Supplied material →
..............................
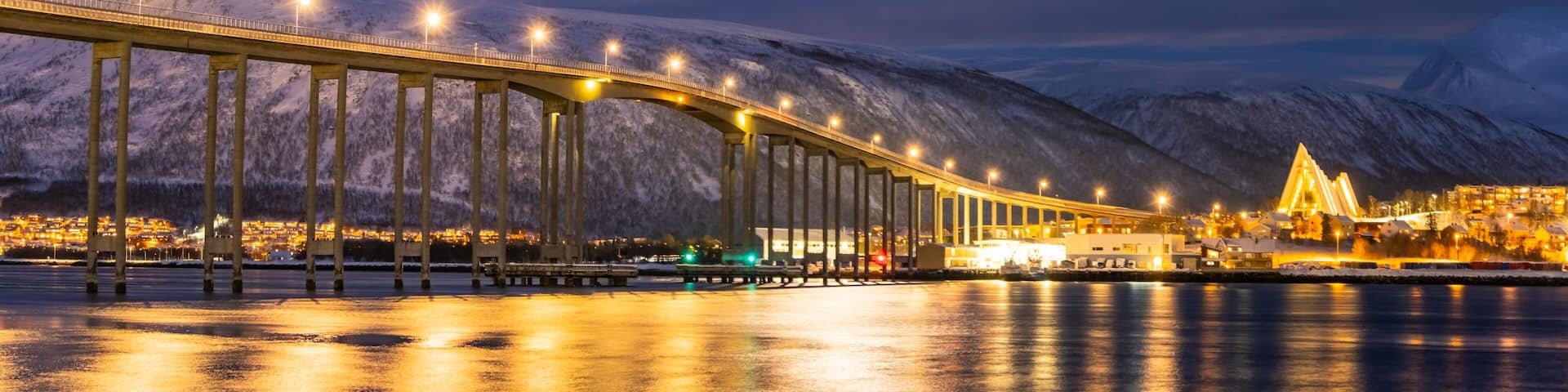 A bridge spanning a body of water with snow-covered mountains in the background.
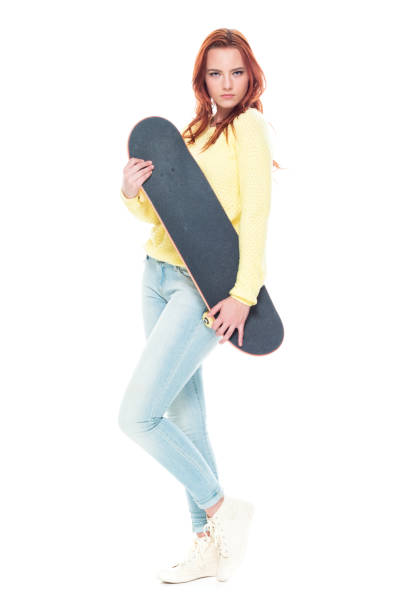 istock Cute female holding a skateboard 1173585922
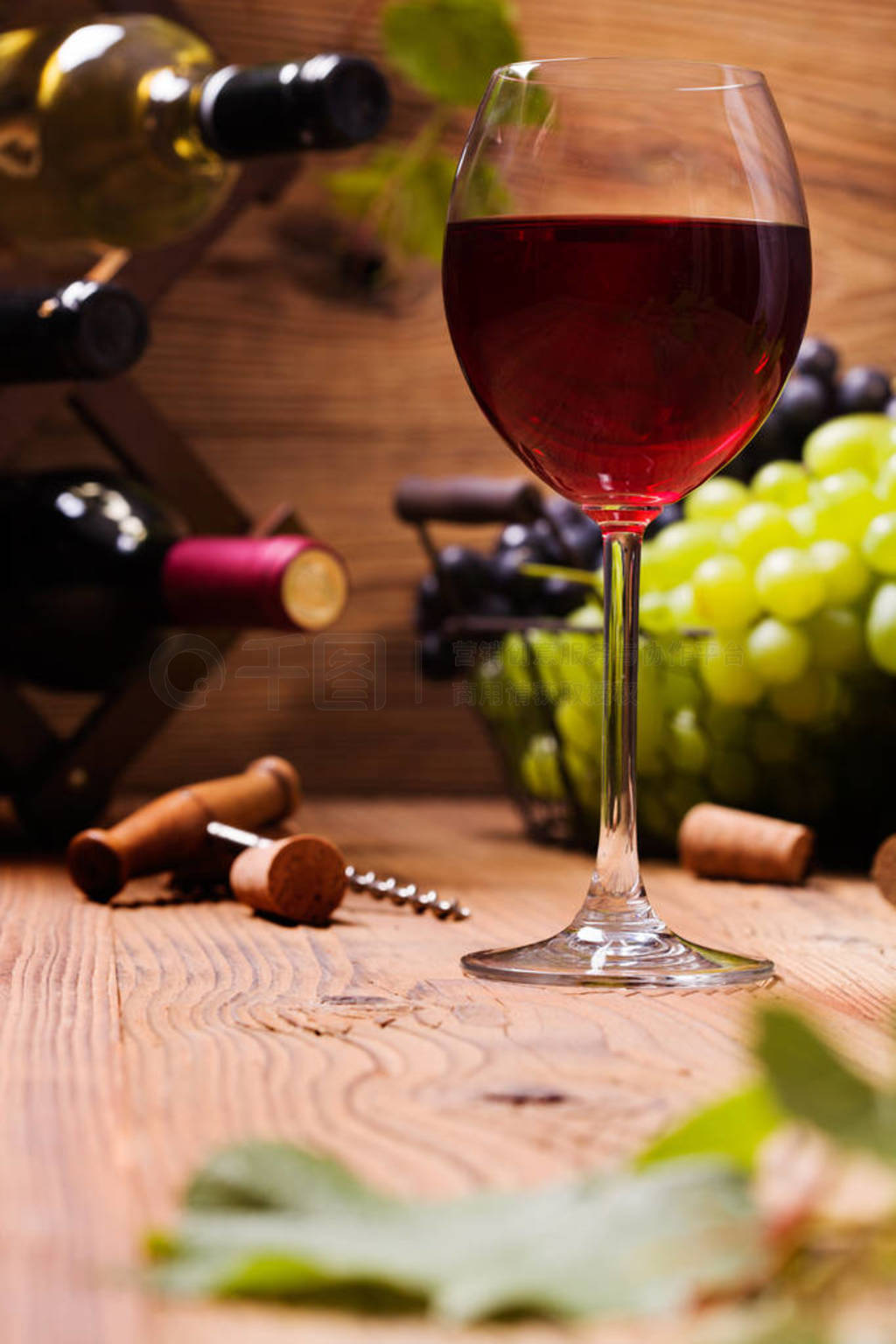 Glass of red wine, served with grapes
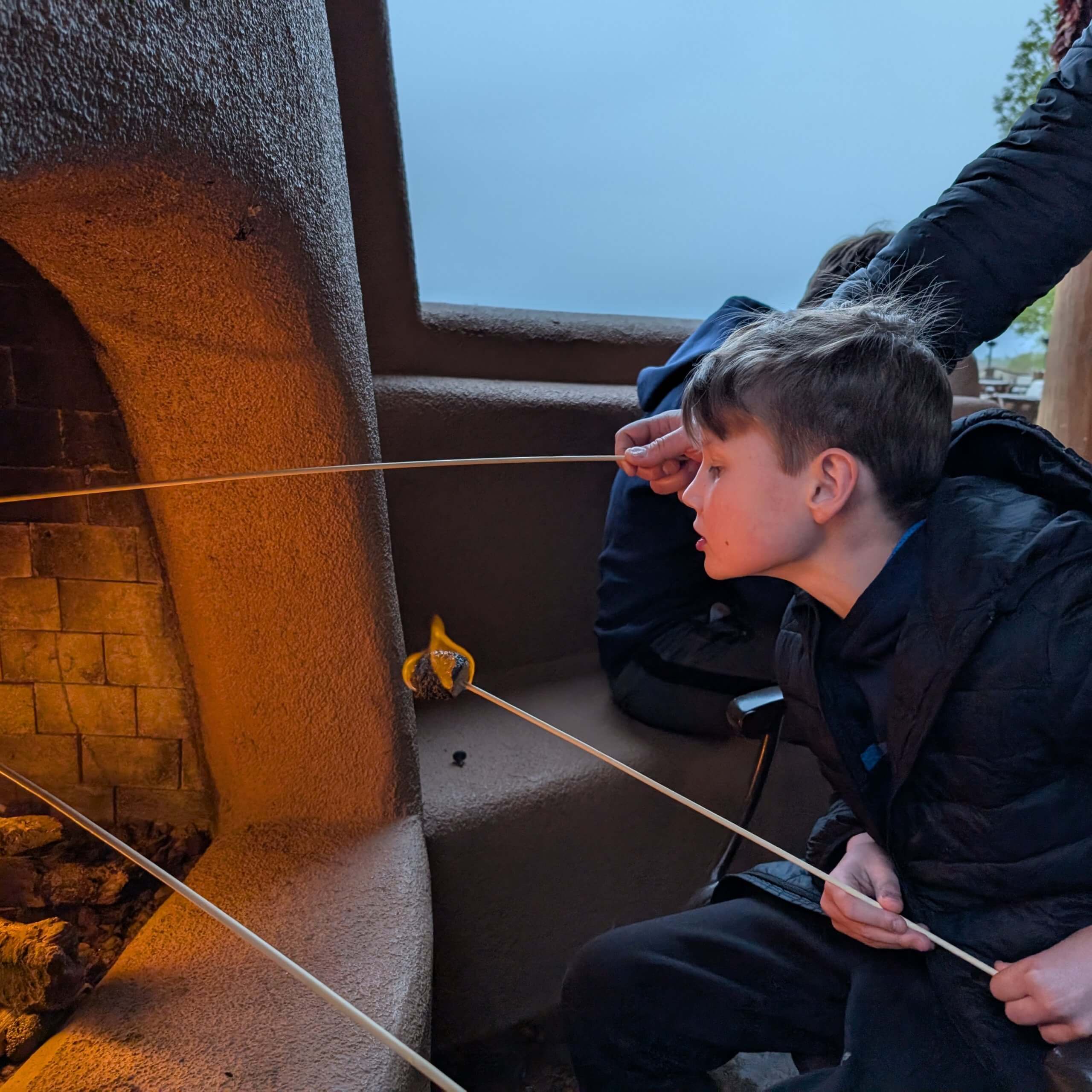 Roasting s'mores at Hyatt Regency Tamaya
..............................
Goal of the exercise →
Exactly as written, copy out the listing, but without any pictures.

Answer to the exercise →
 A bridge spanning a body of water with snow-covered mountains in the background.
 istock Cute female holding a skateboard 1173585922
 Glass of red wine, served with grapes
 Roasting s'mores at Hyatt Regency Tamaya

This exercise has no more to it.